Hi,
We faced issue with code caching on multisite. In our structure we have few sites and in each of them we have modules folder.
Case 1:
On-site A we have EventSubscriber with 2 events(E1 and E2).
On-site B we have EventSubscriber with 1 events(E1).
After a while, we get site B down because drupal trying to call callback of E1 event but this method does not exist.
Case 2:
On-site A we have SomeForm with a redirect to page P1.
On-site B we have SomeForm with a redirect to page P2.
After a while on submit form on site B we get redirected to page P1.
After some investigation, i found the approximate cause of the error. Drupal use APC for caching, but site_path variable does not uses on building of apc prefix building.
web/core/lib/Drupal/Core/DrupalKernel.php:1041
protected function initializeSettings(Request $request) {
$site_path = static::findSitePath($request);
$this->setSitePath($site_path);
$class_loader_class = get_class($this->classLoader);
Settings::initialize($this->root, $site_path, $this->classLoader);
// Initialize our list of trusted HTTP Host headers to protect against
// header attacks.
$host_patterns = Settings::get('trusted_host_patterns', []);
if (PHP_SAPI !== 'cli' && !empty($host_patterns)) {
if (static::setupTrustedHosts($request, $host_patterns) === FALSE) {
throw new BadRequestHttpException('The provided host name is not valid for this server.');
}
}
// If the class loader is still the same, possibly
// upgrade to an optimized class loader.
if ($class_loader_class == get_class($this->classLoader)
&& Settings::get('class_loader_auto_detect', TRUE)) {
$prefix = Settings::getApcuPrefix('class_loader', $this->root);
In the last line you can see that $site_path does not send to prefix builder.

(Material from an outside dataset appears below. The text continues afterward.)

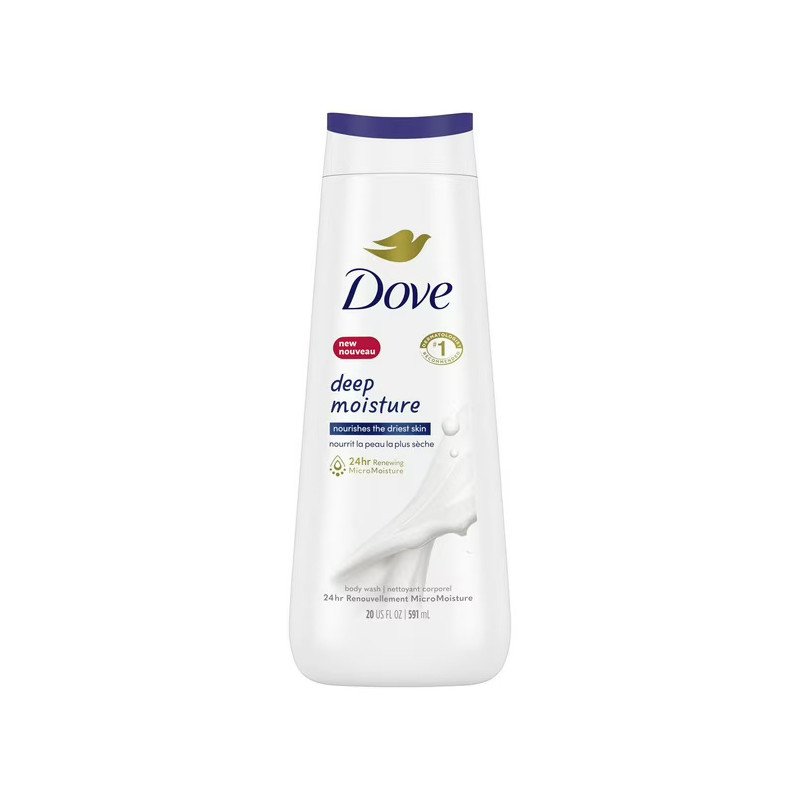 Dove Deep Moisture Nourishing the Driest Skin Body Wash 591 ml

| Comment | File | Size | Author |
|---|---|---|---|
| #30 | 2984232-nr-bot.txt | 183 bytes | needs-review-queue-bot |
| #3 | drupal-adding_site_path_to_cache_prefix-2984232-3.patch | 723 bytes | sstanislav |
Comments
Comment #2
sstanislav commentedWhat do you think about this solution?
Comment #3
sstanislav commentedFixed to clear Drupal 8.6.x.
Comment #4
cilefen commentedComment #5
cilefen commentedComment #6
sstanislav commentedComment #7
cilefen commentedComment #8
hart0554 commentedWe've dealt with this problem and have to this point worked around by ensuring every site in the multisite has a unique hash salt, since `Settings::getApcuPrefix` will use the hash salt as part of the prefix (that is if 'apcu_ensure_unique_prefix' is set, and it seems to be in my case because this has been working, but I'm not sure how to validate that is actually set). This would seem a more reliable solution since $site_path is included in the prefix regardless of the apcu setting.
Comment #10
wim leers#2474909: Allow Simpletest to use the same APC user cache prefix so that tests can share the classmap and other cache objects introduced this. The goal was to avoid APCu fragmentation. Otherwise each individual site (both when testing and in case of multisite) would end up caching the exact same data multiple times under different keys.
\Drupal\Core\Site\Settings::getApcuPrefix()(introduced in that issue) has this in its docs:And this issue says:
So in your case you want to set
apcu_ensure_unique_prefixto TRUE in yoursettings.php. This is also what @hart0554 said.That would make things work as expected. But is it a good idea?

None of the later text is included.